Our Thoughts

Registered Investment Advisers vs. Stockbrokers

“It is not easy to get rich in Las Vegas, at Churchill Downs or at the local Merrill Lynch office.”

Paul A. Samuelson, Noble Prize-winning economist

Before choosing a professional to help you plan and achieve your long-term financial goals, it’s important that you understand the differences between a registered investment adviser (RIA) and a stockbroker. The roles and responsibilities of each should be clear with a strong line drawn between individuals who call themselves advisers and those who call themselves stockbrokers. So, what are these differences? Let’s take a look.

Regulatory Differences

An RIA is an independent adviser registered under the Investment Advisers Act of 1940. The Act was passed to monitor persons who, for a fee, advise individuals, pensions and companies (among others) on financial matters.

The Act defines an adviser as, “Any person who, for compensation, engages in the business of advising others, either directly or through publications or writings, as to the value of securities or as to the advisability of investing in, purchasing, or selling securities, or who, for compensation and as part of a regular business, issues or promulgates analyses or reports concerning securities.”

A stockbroker is typically regulated by the Financial Industry Regulatory Authority (FINRA) through his or her employment with a securities firm. FINRA licenses over 629,000 registered securities representatives doing business in the U.S.

The Act defines a (stock)broker as, “Any person engaged in the business of effecting transactions in securities for the account of others…” It’s interesting to note that many of today’s brokers work for “broker-dealers,” meaning they effect trades and they sell financial products to customers for a fee or commission (this is especially true when the broker-dealer is owned by a bank holding company).

Standards of Care

Advisers have a fiduciary duty to act in the best interest of their clients at all times and are therefore held to a higher standard than a stockbroker. Advisers provide their clients with a Form ADV that describes exactly how the adviser does business and spells out any potential conflicts of interest that may exist in the adviser’s business.

In addition to the Form ADV, advisers provide their clients with an Investment Policy Statement (IPS) which outlines the client’s needs, goals and objectives; and defines the level of risk the client is willing to accept. Perhaps, more importantly, the IPS establishes a recommended asset allocation, defines the investment methodology to be used, and establishes a strategic implementation plan.

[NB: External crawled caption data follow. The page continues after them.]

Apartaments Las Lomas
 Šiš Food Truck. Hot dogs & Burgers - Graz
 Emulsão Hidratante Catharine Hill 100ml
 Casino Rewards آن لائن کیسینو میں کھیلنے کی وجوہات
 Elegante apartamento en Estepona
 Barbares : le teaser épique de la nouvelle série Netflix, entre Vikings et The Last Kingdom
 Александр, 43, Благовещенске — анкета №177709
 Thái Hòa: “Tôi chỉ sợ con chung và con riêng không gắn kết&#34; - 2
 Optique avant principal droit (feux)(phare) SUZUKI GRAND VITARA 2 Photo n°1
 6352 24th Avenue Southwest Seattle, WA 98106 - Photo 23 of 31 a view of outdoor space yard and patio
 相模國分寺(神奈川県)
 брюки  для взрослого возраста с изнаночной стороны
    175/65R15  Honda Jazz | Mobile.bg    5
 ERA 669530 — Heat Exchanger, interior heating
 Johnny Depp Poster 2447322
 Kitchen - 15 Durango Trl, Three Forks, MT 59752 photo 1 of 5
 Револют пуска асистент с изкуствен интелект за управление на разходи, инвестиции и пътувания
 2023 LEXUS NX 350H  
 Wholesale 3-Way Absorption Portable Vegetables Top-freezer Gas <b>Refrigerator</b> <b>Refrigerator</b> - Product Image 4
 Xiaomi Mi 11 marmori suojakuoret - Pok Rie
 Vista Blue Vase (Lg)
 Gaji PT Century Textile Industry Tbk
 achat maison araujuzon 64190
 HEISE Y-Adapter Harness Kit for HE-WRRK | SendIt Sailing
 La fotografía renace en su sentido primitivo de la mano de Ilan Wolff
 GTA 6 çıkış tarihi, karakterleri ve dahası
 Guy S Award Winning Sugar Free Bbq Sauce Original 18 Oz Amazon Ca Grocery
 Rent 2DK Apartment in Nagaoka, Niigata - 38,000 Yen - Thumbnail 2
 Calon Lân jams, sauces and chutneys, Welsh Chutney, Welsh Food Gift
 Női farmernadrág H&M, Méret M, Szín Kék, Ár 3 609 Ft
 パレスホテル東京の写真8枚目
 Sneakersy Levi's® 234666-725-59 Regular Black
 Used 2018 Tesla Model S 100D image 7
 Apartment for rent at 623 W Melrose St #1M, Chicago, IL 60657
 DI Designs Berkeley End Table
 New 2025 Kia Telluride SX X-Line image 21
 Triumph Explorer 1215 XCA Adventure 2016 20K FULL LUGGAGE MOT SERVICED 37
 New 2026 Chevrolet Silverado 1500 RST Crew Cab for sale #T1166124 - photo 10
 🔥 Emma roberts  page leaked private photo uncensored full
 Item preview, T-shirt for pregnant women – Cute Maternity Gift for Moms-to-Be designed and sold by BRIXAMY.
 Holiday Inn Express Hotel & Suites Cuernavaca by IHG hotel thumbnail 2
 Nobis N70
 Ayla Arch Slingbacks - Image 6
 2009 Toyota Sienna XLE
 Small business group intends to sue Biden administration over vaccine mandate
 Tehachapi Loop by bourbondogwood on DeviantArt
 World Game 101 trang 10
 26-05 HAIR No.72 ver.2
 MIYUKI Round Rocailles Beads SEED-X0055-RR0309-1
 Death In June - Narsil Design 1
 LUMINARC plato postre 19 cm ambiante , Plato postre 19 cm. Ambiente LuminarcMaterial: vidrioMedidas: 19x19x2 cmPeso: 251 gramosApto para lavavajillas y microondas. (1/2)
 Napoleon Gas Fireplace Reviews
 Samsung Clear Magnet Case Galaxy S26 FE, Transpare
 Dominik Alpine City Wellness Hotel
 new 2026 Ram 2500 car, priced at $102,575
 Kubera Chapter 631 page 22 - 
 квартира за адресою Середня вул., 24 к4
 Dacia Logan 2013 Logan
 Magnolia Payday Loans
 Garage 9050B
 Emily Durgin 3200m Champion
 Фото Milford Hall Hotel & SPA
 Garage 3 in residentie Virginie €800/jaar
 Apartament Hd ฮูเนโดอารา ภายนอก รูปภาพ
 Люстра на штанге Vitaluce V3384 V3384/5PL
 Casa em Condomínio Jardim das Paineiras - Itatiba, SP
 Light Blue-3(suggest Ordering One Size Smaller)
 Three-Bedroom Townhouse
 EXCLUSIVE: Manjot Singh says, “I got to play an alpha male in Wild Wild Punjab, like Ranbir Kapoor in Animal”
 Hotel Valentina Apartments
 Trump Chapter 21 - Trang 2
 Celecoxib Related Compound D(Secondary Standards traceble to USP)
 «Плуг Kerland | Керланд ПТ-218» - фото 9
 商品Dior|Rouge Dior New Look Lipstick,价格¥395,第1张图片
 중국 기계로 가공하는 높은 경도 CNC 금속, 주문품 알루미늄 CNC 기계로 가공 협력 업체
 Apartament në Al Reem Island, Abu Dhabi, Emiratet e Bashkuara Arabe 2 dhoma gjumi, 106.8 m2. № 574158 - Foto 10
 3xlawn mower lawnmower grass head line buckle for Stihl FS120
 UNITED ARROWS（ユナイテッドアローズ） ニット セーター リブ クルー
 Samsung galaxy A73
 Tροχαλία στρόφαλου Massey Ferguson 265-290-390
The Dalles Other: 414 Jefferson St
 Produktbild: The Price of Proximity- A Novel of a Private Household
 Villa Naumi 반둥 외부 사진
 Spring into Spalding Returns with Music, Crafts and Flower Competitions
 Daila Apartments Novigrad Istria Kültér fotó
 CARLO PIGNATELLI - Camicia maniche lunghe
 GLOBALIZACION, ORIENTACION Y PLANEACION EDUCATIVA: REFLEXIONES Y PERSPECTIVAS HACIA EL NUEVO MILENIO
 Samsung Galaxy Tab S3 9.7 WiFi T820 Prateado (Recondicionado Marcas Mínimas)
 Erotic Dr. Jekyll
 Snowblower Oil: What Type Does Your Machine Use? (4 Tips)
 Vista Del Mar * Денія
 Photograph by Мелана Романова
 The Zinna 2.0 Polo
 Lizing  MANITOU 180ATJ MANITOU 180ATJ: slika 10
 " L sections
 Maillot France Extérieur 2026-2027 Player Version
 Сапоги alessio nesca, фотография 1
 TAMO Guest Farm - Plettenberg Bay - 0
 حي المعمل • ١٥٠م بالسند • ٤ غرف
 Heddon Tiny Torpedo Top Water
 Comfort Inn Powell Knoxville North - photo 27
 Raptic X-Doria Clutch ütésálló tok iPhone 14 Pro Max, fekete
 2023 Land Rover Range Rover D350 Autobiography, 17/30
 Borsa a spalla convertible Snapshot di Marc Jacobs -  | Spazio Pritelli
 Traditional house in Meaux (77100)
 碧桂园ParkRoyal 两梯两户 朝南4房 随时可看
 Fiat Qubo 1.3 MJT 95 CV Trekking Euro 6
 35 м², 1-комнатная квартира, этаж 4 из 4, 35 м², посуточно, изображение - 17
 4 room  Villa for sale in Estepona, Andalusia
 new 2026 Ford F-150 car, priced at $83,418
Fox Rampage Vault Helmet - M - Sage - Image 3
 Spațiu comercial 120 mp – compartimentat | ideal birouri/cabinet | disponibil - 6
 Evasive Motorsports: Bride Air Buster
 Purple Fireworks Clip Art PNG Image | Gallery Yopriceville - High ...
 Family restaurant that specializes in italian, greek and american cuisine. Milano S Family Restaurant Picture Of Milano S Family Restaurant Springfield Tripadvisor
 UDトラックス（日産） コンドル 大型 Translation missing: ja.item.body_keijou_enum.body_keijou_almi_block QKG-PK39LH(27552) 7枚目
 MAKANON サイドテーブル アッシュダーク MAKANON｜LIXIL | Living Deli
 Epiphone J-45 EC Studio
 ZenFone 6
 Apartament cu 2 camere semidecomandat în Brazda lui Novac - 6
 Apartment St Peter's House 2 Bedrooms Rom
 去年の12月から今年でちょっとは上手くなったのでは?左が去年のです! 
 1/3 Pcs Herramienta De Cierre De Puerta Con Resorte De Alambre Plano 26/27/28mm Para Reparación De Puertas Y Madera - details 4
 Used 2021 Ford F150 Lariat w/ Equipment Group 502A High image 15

Advisers charge their clients a fee—usually based on assets under management—negotiated in advance and do not charge any other fees to their clients without the clients’ prior consent. Advisers cannot trade with their clients as a principal (trading on the adviser’s accounts at the adviser’s own risk) except in extremely limited circumstances.

Advisers do not engage in other business activities such as investment banking or securities underwriting. These things together help ensure that an advisers’ interests are aligned with their clients.

Stockbrokers represent their firms and generally do not act as fiduciaries with their customers. Instead, stockbrokers are held to suitability obligations (Reasonable Basis Suitability and Customer-Specific Suitability) on the part of their firm. Simply put, this means that stockbrokers must believe that securities they recommend are merely suitable for, but not necessarily in the best long-term interest of, the client at the time the recommendation is made. Additionally, stockbrokers are not required to provide clients with any type of disclosure that is comparable to a Form ADV or an IPS.

NOTE:  Broker-dealers often earn significant undisclosed profits by trading as a principal with their clients and also engage in other business activities such as investment banking and securities underwriting. This may cause the stockbroker’s interest or attention to focus on areas outside of the best long-term interests of their clients.

Summary

Advisers must act in their client’s best interest at all times (the fiduciary standard) and brokers must understand their client’s complete financial picture and direct them towards appropriate products (the suitability requirement). Not to say that one is right and one is wrong, but investors need to understand the differences between an adviser and a stockbroker before seeking professional financial advice.